The youth-friendly app, which is owned by Chinese tech giant ByteDance, is expanding at the expense of rivals like Instagram by linking up with African influencers, who understand what appeals to local users, particularly Gen Z audiences.
“Instead of serving up videos from only the popular, big-name users on the platform, the individualised feed highlights video content based on the types of videos users like,” TikTok said in a statement to Quartz Africa.
According to the news outlet, TikTok now tops searches for terms like “influencer” in the company’s top three African markets of Kenya, Nigeria and South Africa, having invested in local staff and developed content creators who really understand the African market.
For example, Nigerian Mc Shem Comedian posted his first TikTok video in May 2019 and now has 2.4 million followers on his TikTok account alone, or more than his following on YouTube and Instagram combined.
Mike Otieno, co-founder of Wowzi Technologies, a Kenyan influencer marketing platform, said localised content like that is an important feature for African users.

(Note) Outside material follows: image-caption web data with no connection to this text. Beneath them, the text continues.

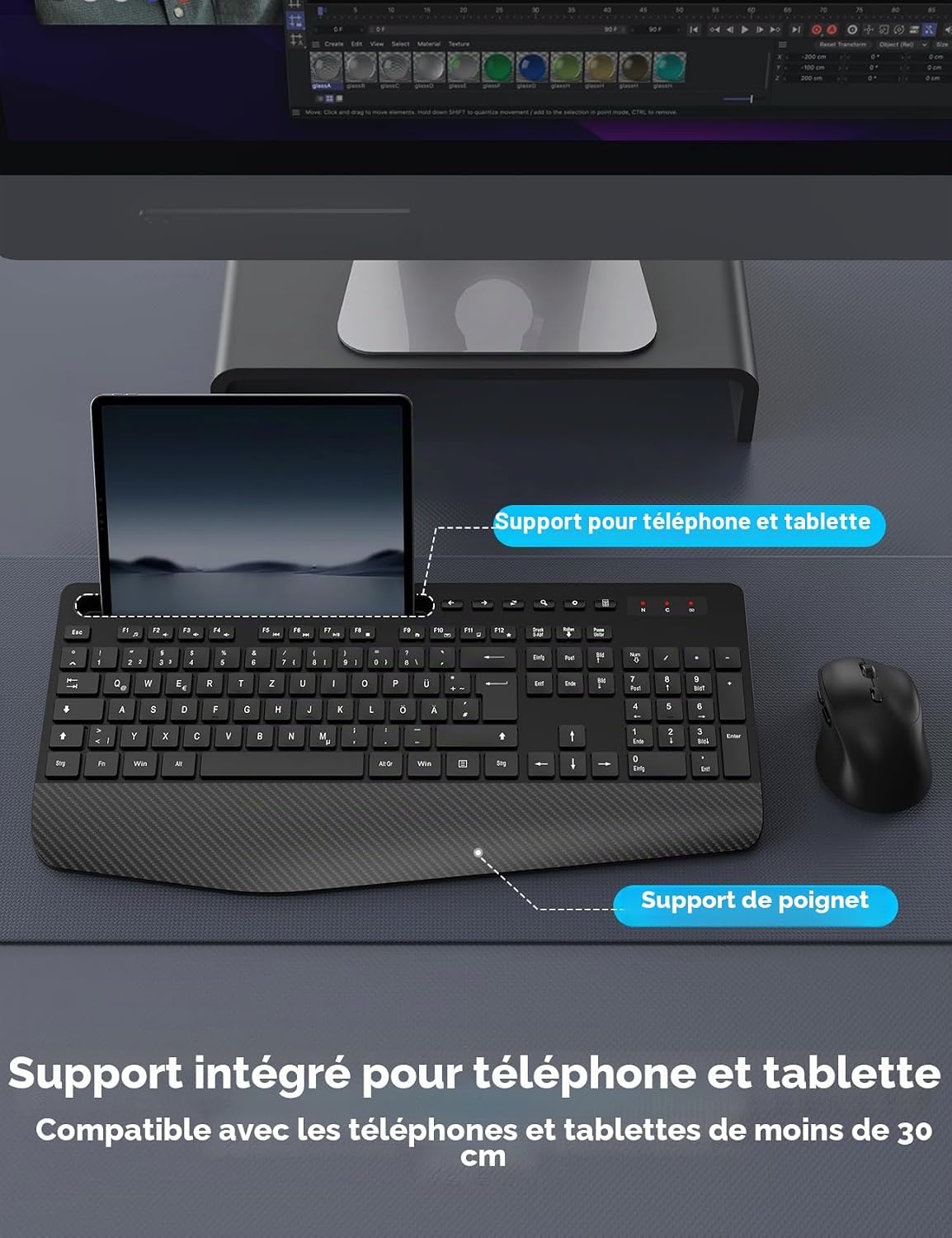 Ensemble clavier souris sans fil ergonomique - 31% de remise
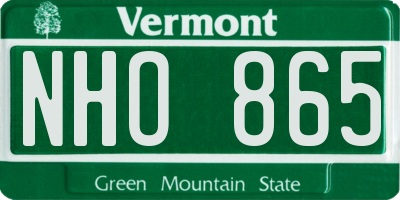 VT license plate NHO865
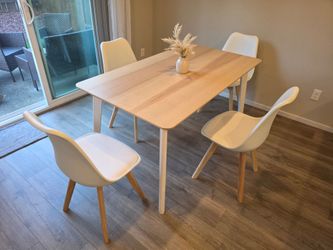 Brown Table and 4 White Chairs with attached Padding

“If you want to think of Africa from a community standpoint, it’s very tight-knit, very highly networked,” he said. “Therefore, if people are able to see their friends, people they know, celebrities they know, [and] what they are doing, it becomes a very powerful as a feature.”
Much of TikTok’s ability to help create very localised hashtags that appeal to African content creators is due in part to the app’s powerful algorithm that uses location data and user tastes to recommend content under a tab called “for you”, Quartz Africa reported.
For example, a TikTok user in Kenya could log into the app and gain access to a range of videos from creators in the country and worldwide, so encouraging more visibility and followers.
In addition, TikTok offers a suite of support tools for African content creators, which gives it an edge over Instagram and Facebook, whose third-party tools can take up valuable data and space on devices on the continent.
And provided a TikTok creator has the app, they can use the full range of features that TikTok offers, without having to add third-party apps, Quartz Africa explained.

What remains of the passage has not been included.